As the new boss of the Home Office, Suella Braverman will have a wide-ranging brief covering areas such as immigration, crime, security and policing.

She will have to quickly get to grips with addressing several controversial subjects in her in-tray, including:

– Migrant crossings

One of the top priorities will no doubt be succeeding where predecessors have failed in tackling the growing numbers of people making the journey across the Channel. Outgoing home secretary Priti Patel was unsuccessful in fulfilling her promise to make the crossings “unviable”.

The Home Office response to the surge in Channel crossings is “poor” and the “system is overwhelmed”, according to chief inspector of borders and immigration David Neal.

He said the problems arose mainly due to a “refusal” by the government department to move from an “emergency response to what has rapidly become steady state, or business as usual”.

There is also an outstanding plan to overhaul Border Force, which Ms Patel promised after a review concluded the agency was performing at a “suboptimal level” and stretching its resources in an “unsustainable and highly inefficient way”.

There were “significant systemic challenges” and it appeared to be “struggling to get out of a cycle of crisis management, reacting to the last challenge and bracing itself for the next, regardless of how predictable the next challenge may be”.

Border Force may have been “counter-productive” in how it dealt with Channel crossings, the report added.

– Rwanda

The legality of the policy to send migrants to the east African nation is currently being contested in the courts.

Depending on the outcome of that case, the new Home Secretary will have to take charge of a controversial new and untested policy, which is set to cost taxpayers millions of pounds and is yet to see its first deportation flight take off.

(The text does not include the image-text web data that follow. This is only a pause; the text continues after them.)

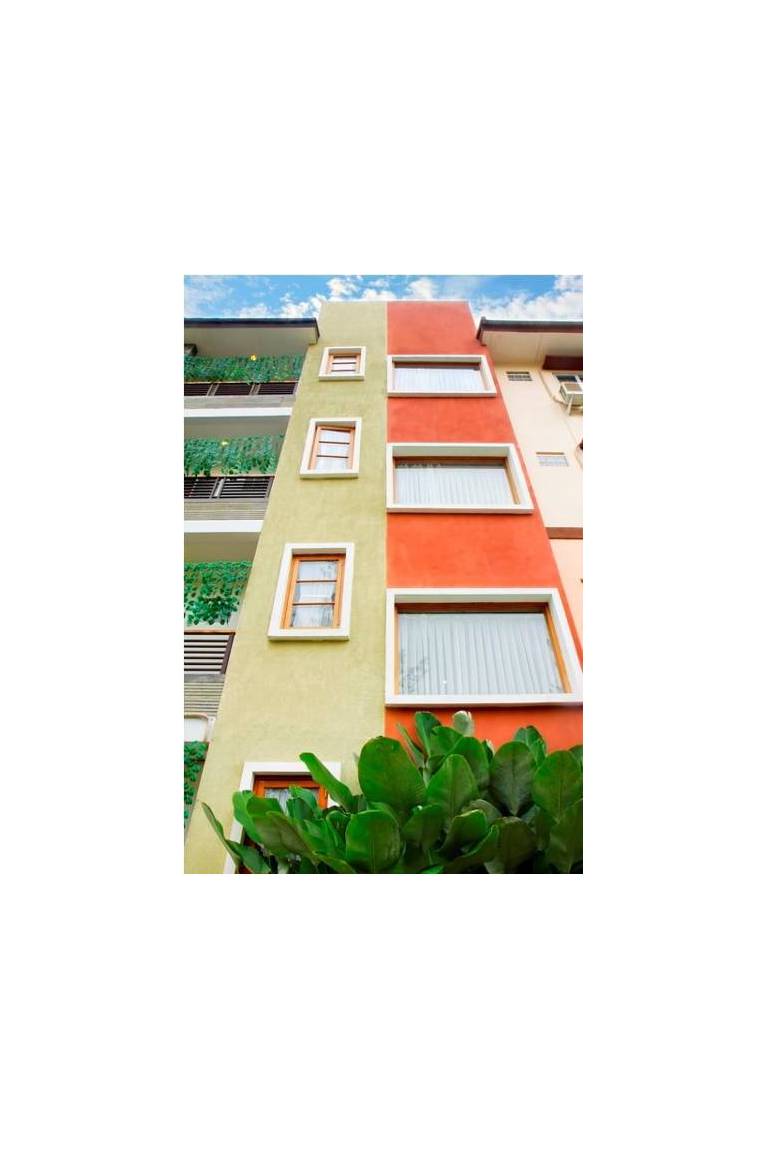 Lotus Hotel, Cafe & Meeting Place 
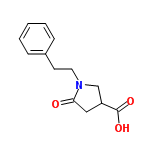 InChI=1/C13H15NO3/c15-12-8-11(13(16)17)9-14(12)7-6-10-4-2-1-3-5-10/h1-5,11H,6-9H2,(H,16,17)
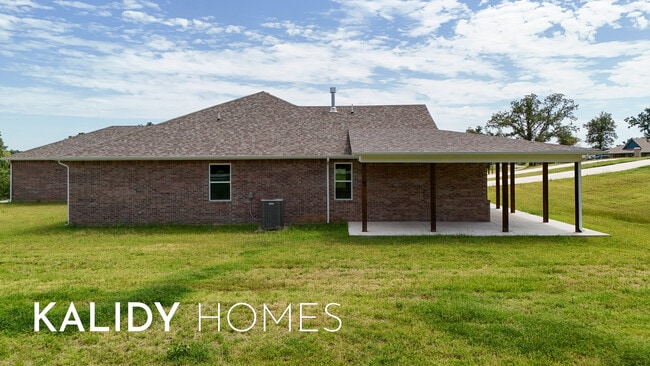 Building Photo - 1660 Salma Rd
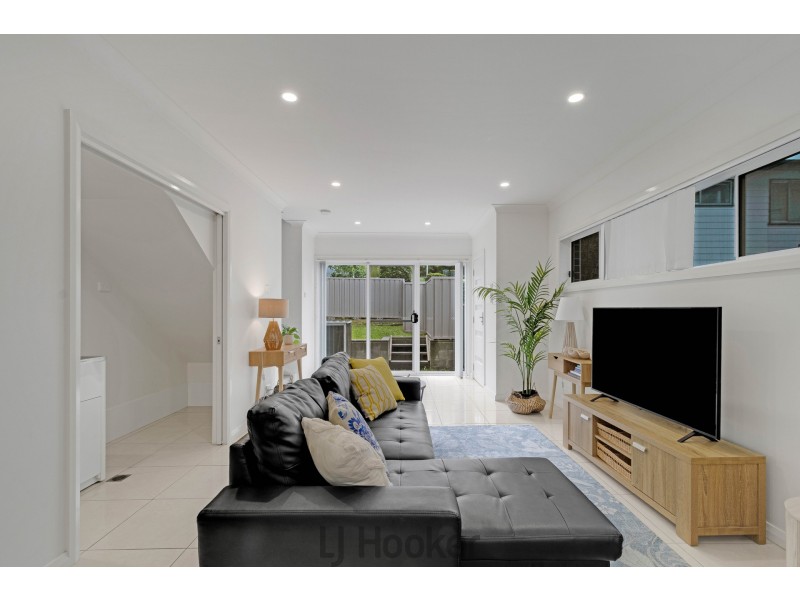 6/212 Warners Bay Road, Mount Hutton NSW 2290
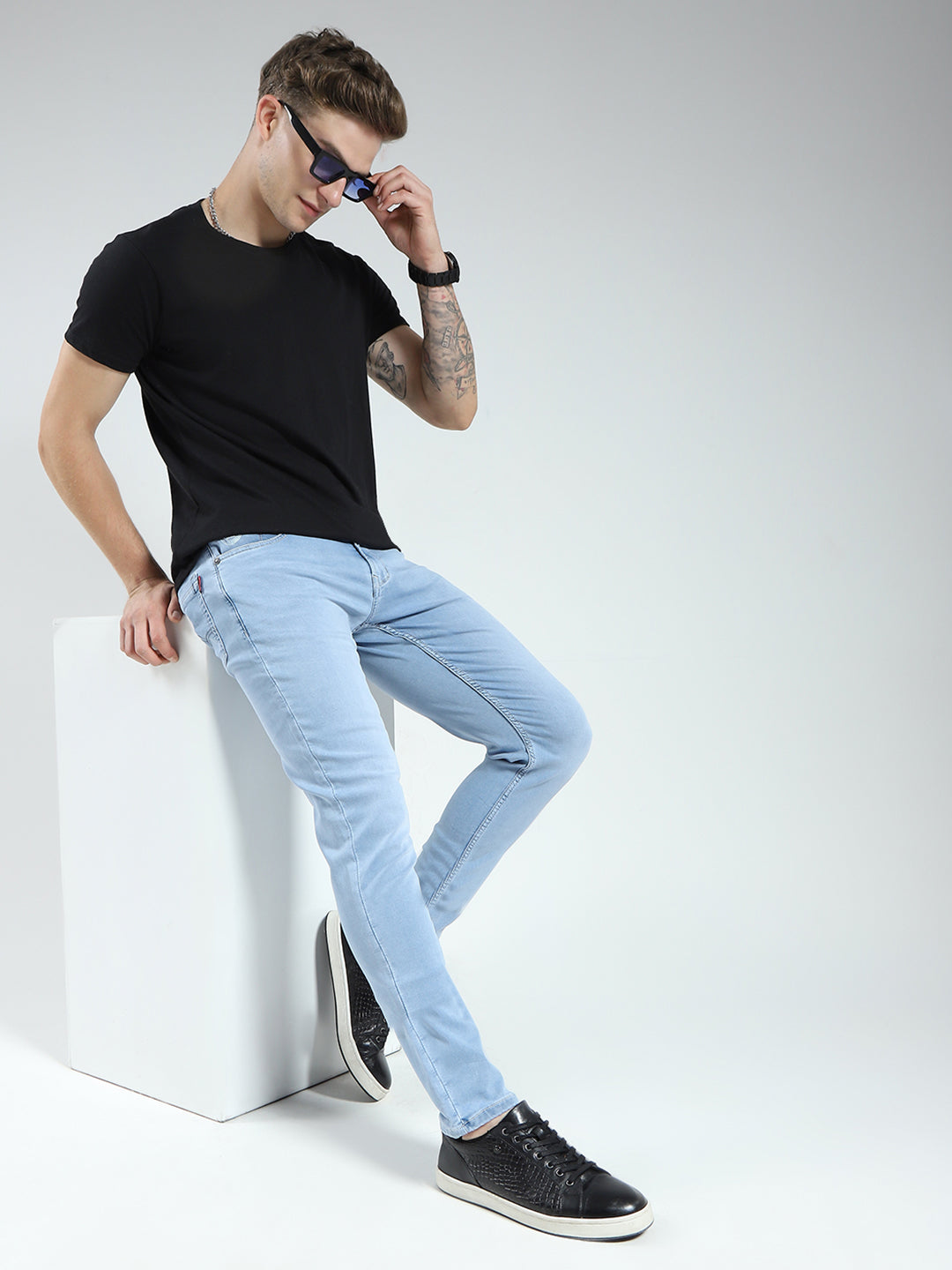 Men Blue Solid Skinny Fit Denim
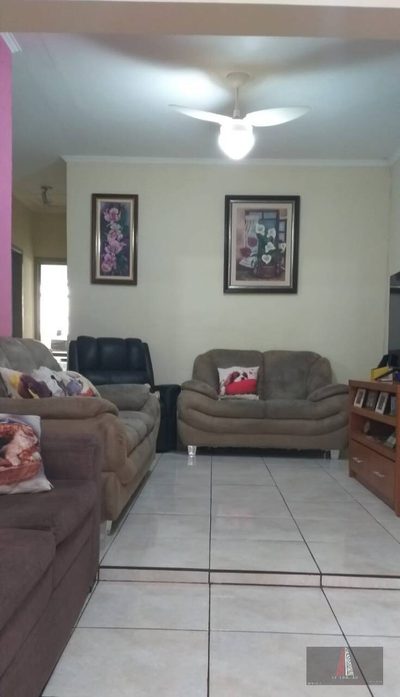 Casa, 5 quartos, 300 m² - Foto 1
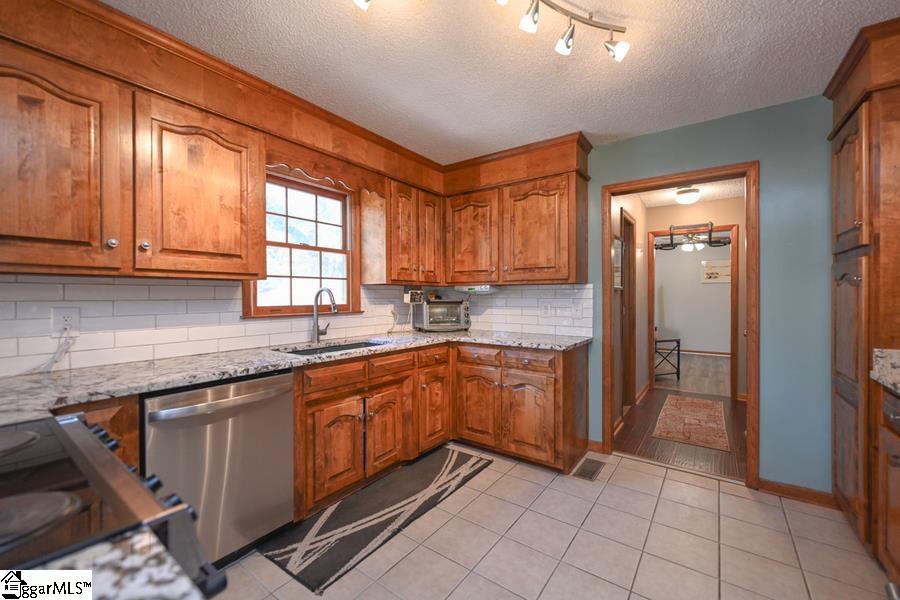 503 Lakewinds Boulevard Inman, SC 29349 - Photo 9 of 36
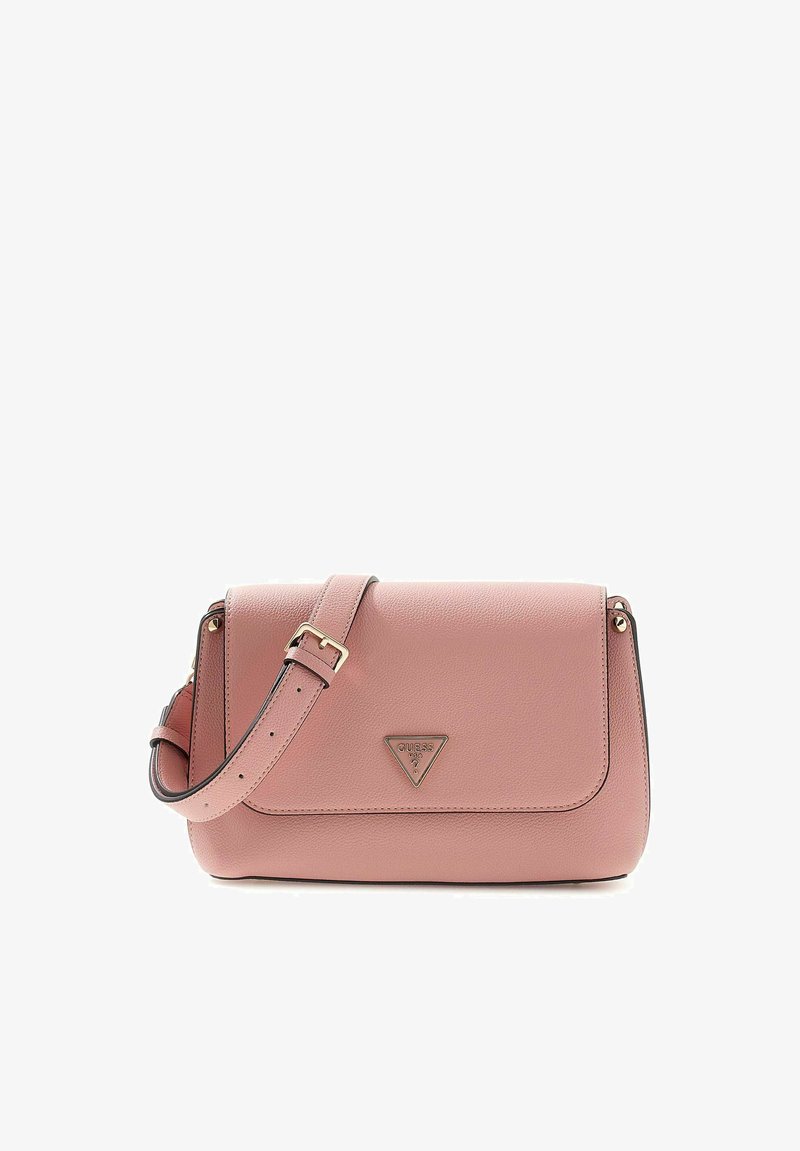 Sac à bandoulière en cuir rose avec une sangle réglable et un logo triangulaire métallique sur le rabat avant.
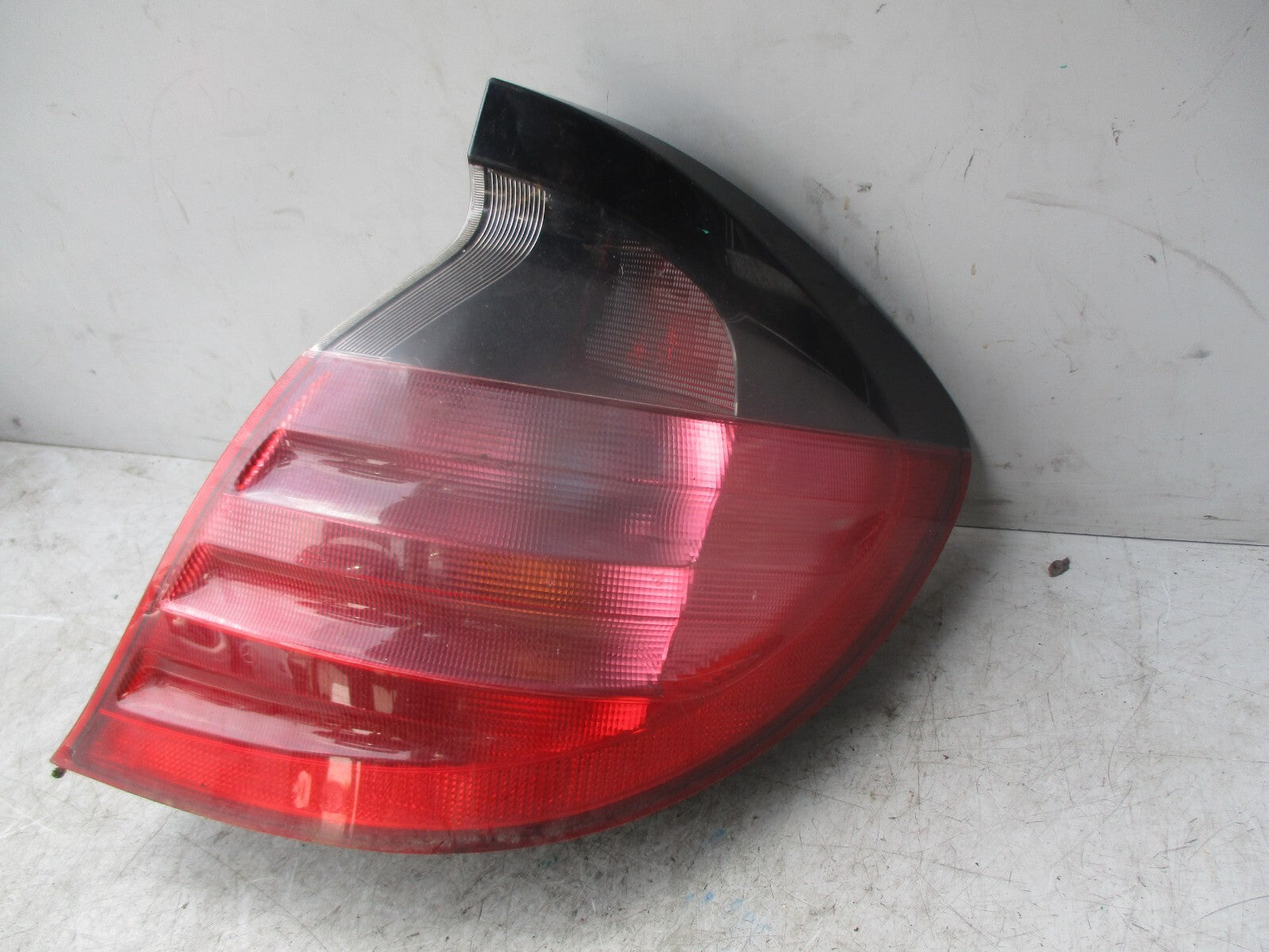 2002 MERCEDES C CLASS COUPE CL203 OSR DRIVER REAR TAIL LIGHT TAIL LAMP 15163100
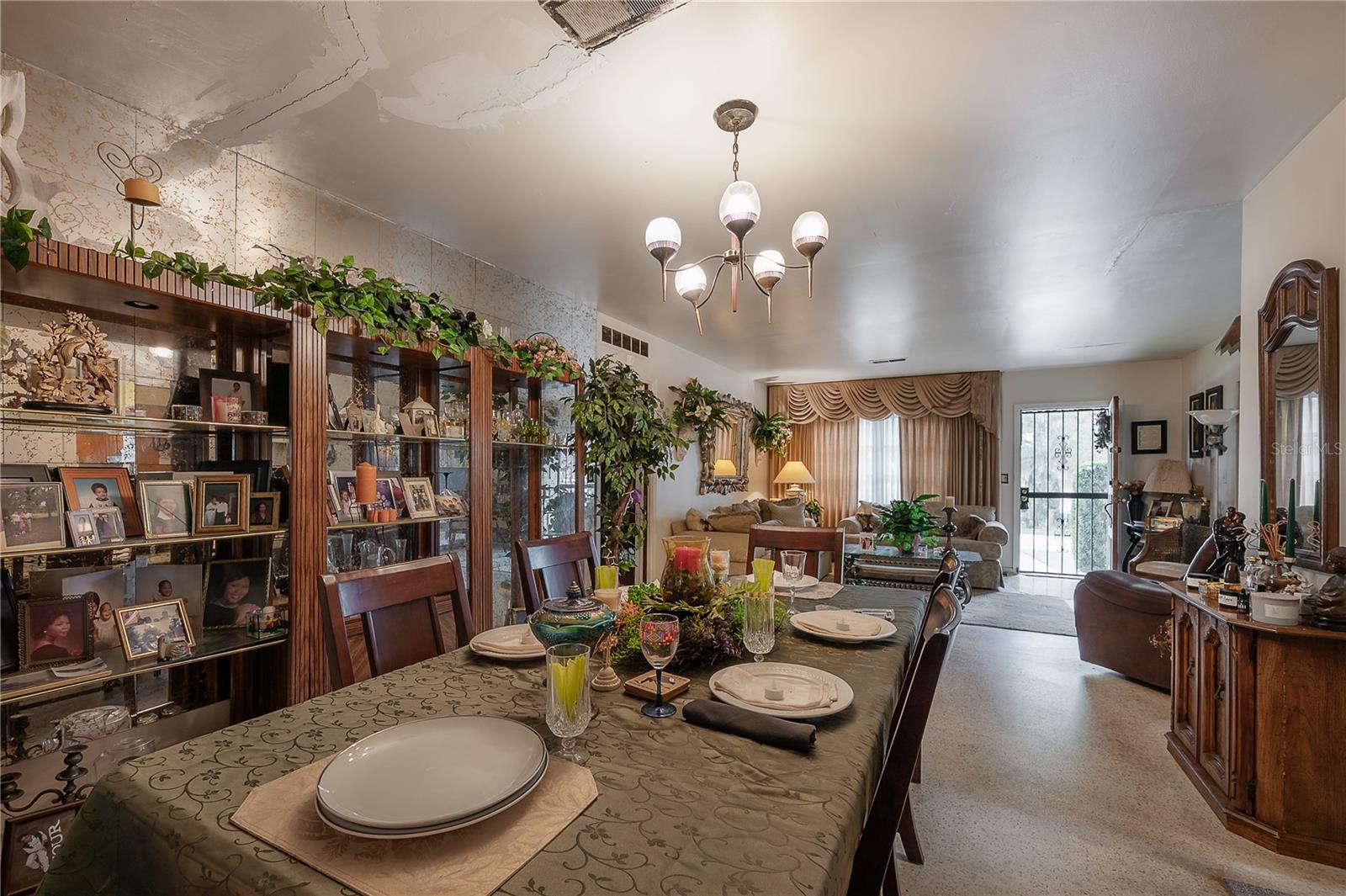 3803 RIVER GROVE DR, TAMPA, FL, 33610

An inquiry by MPs has already found there was “no evidence” the policy was acting as a deterrent and the UN’s refugee agency, the UNHCR, said it was “incompatible with (the) UK’s fundamental obligations”.

– Asylum

The cost of the UK’s asylum system has topped £2 billion a year, with the highest number of claims for two decades and record delays for people awaiting a decision.

Home Office spending on asylum rose by £756 million, from around £1.4 billion in 2020/21 to £2.1 billion in 2021/22 – the highest on record and more than double the amount spent in 2019/20, with officials struggling to keep up with the number of new applications.

Meanwhile, the Government is spending around £4.7 million a day housing asylum seekers in hotels, of which around £1 million is being spent on Afghan refugees who fled the Taliban takeover while long-term accommodation is sought.

– Crime

Police forces in England and Wales have recorded the highest number of crimes in 20 years, driven by a sharp rise in offences including fraud, rape and violent attacks.

The Home Secretary will be under pressure to crack down particularly on gun and knife crime in light of a spate of violent attacks and shootings, as well as sex crimes, amid heightened concerns about the safety of women and girls especially.

Meanwhile, the charge rate has dropped to just 5.6%, meaning just one in 18 offences results in a charge or summons.

– Policing

Ms Braverman will get to work in her role days before new Metropolitan Police Commissioner Sir Mark Rowley takes up his post on Monday.

High on the ‘to do’ list is expected to be addressing the public loss of confidence in policing after a series of scandals and the outcry over the murder of Sarah Everard by a serving Met officer.

There is also the task of fulfilling the promise to hire 20,000 new police officers by next March.

A report by MPs recently warned the Home Office faces “significant challenges” in reaching the target because the efforts could be hampered by an increasingly competitive employment market and a decline in public trust in policing.

The total hired so far stood at 13,790 at the end of June.

– Passports

The continued delays in processing passport applications – with fears this may not improve before the end of the year – is another urgent task to confront.

More than 550,000 passports were waiting to be dealt with at the end of June and it was still taking around 10 weeks to process 10% (around 55,000) of applications instead of the standard three weeks, according to passport office directors.

– Windrush

Another long-running challenge at the Home Office is its need to bring about changes in the wake of the Windrush scandal and its ongoing mission to ensure victims are properly compensated.

A review found the department is at risk of another Windrush-style scandal if it does not bring about the “cultural changes required”. Author of the report, Wendy Williams, said she was “disappointed” with the progress made by the department since her initial recommendations for improvement were made two years ago.

Among a raft of other concerns raised, Ms Williams said she saw “lengthy delays” in the Windrush compensation scheme and warned victims were facing “severe financial and personal difficulties” four years on, with many still “sceptical” of the Home Office.